Hi there, I’m looking for help validating my approach.
I’m currently implementing a full-text search via NGram. Each row in the collection will have a field called description
and the goal is to search the collection based on that field.
My index:
q.CreateIndex({
name: 'transactionsByDescription',
terms: [
{ binding: 'search' }
],
source: {
collection: q.Collection('transactions'),
fields: {
search: q.Query(
q.Lambda(
'transaction',
q.NGram(
q.LowerCase(
q.Select(['data', 'description'], q.Var('transaction'))
),
3,
3
)
)
)
}
}
});
Now, I’m trying to test what the query will be via the Shell on the dashboard. Currently, I only have one data on the transactions collection
, the description is Testing Only
. The user will provide a search string, in the example below, the search string is Test
.
The NGram produced will be ["tes", "est", "sti", "tin", "ing"]

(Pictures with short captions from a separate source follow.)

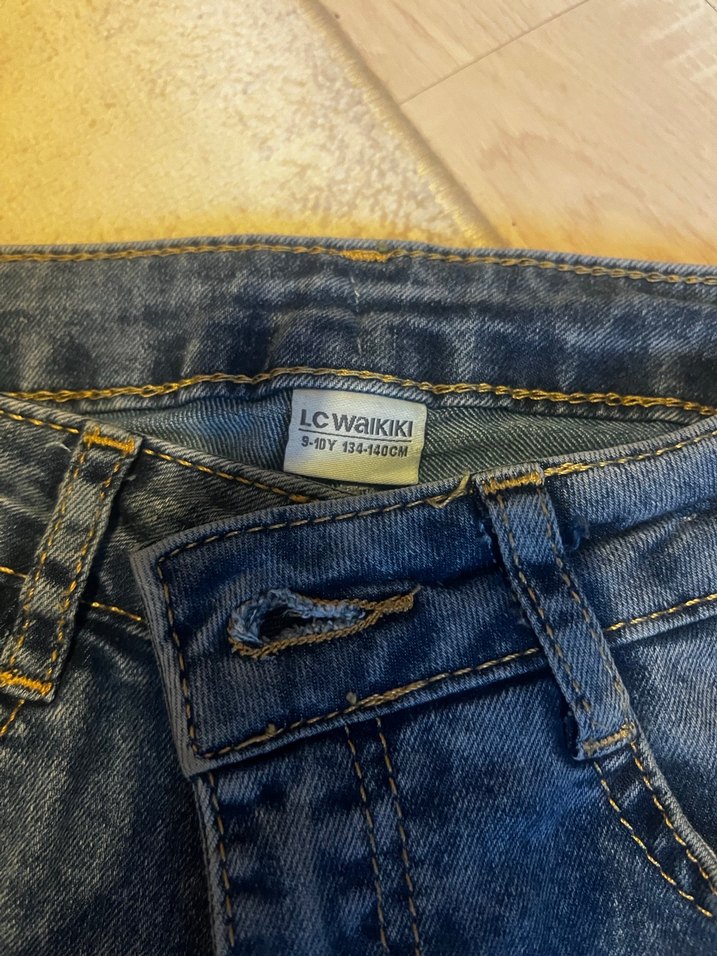 Kız çocuk Normal Kesim Kot Pantolon - Görsel 3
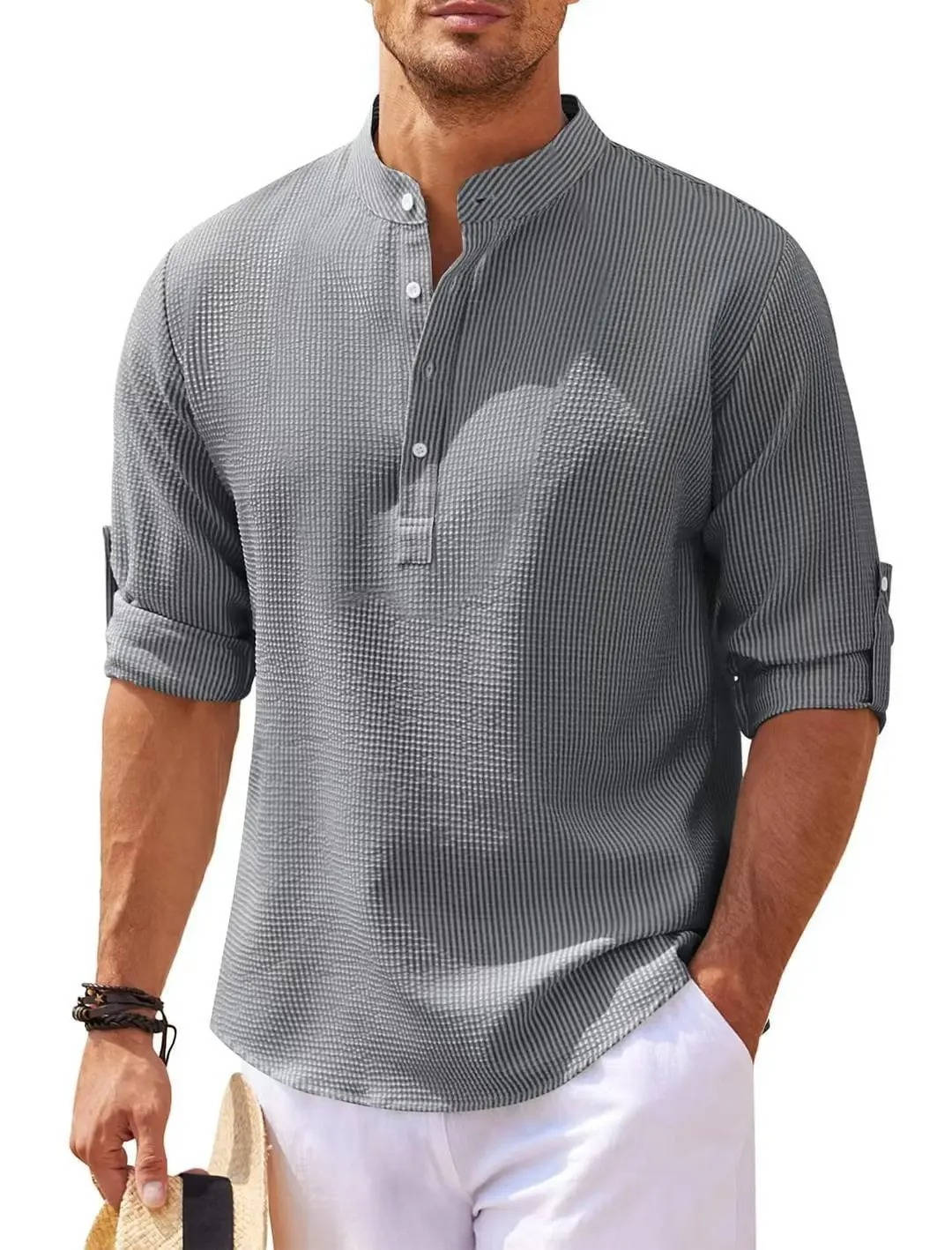 Mens Textured Waffle Knit Beige Henley Shirt With Rolled Sleeves For Everyday Casual Comfort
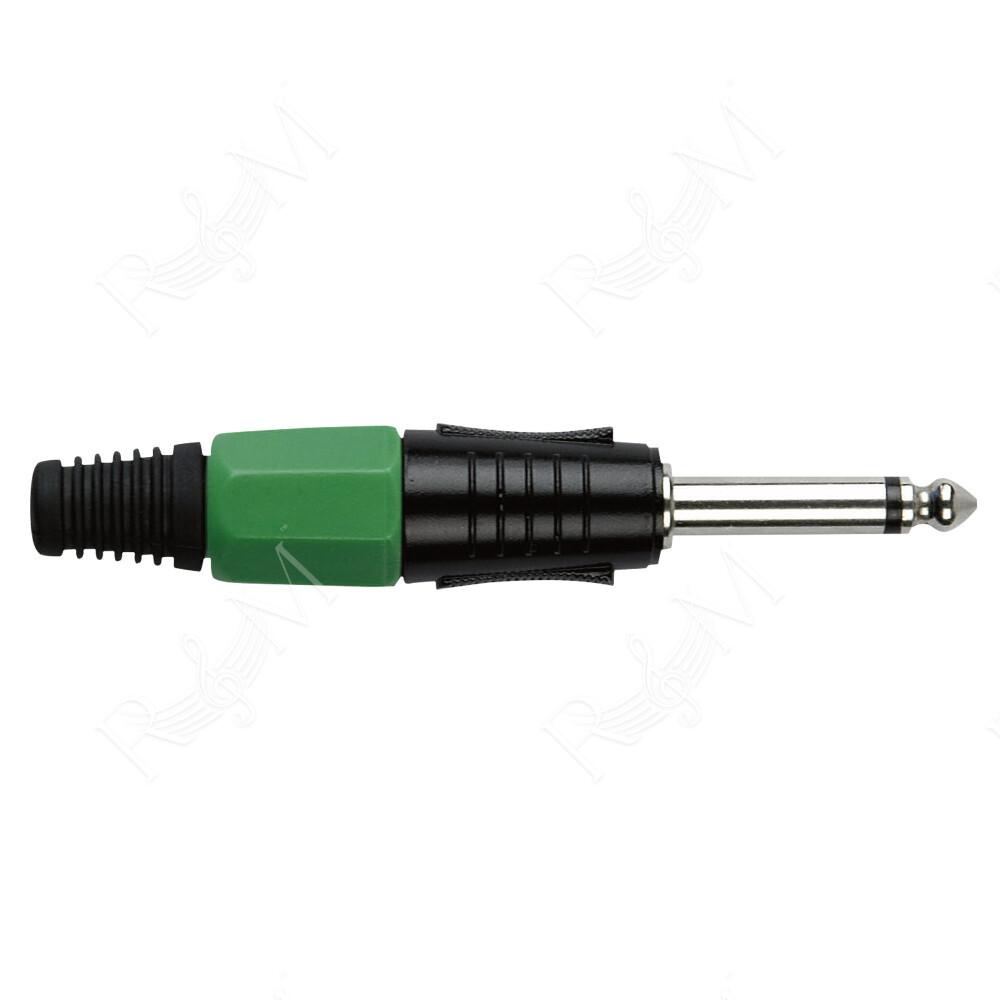 6.3 mm Jack Plug Mono Black housing Cappuccio finale verde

The way I do it is by splitting the search string
into NGram of 3 as well, and then looping through each of the items and then run Match
for that item.
Map(
NGram(
LowerCase('Testing'),
3,
3
),
Lambda(
'needle',
Paginate(
Match(
Index('transactionsByDescription'),
Var('needle')
)
)
)
)
Since there were 5 NGrams produced, this will loop 5 times and actually result in an array of 5 repeating references:
[
{
data: [Ref(Collection("transactions"), "278191047968817665")]
},
{
data: [Ref(Collection("transactions"), "278191047968817665")]
},
{
data: [Ref(Collection("transactions"), "278191047968817665")]
},
{
data: [Ref(Collection("transactions"), "278191047968817665")]
},
{
data: [Ref(Collection("transactions"), "278191047968817665")]
}
]
Which is not the desirable result, I thought of doing
Distinct(
Map(
NGram(
LowerCase('Testing'),
3,
3
),
Lambda(
'needle',
Select(
['data'],
Paginate(
Match(
Index('transactionsByDescription'),
Var('needle')
)
)
)
)
)
)
Which will now result in the following array:
[
[Ref(Collection("transactions"), "278191047968817665")]
]
There are no repeating items which is the desired result. I think my approach is incorrect, particularly because the paginate is inside the lambda, and I actually want to implement pagination on this with size of 10, I think this approach will not work with that.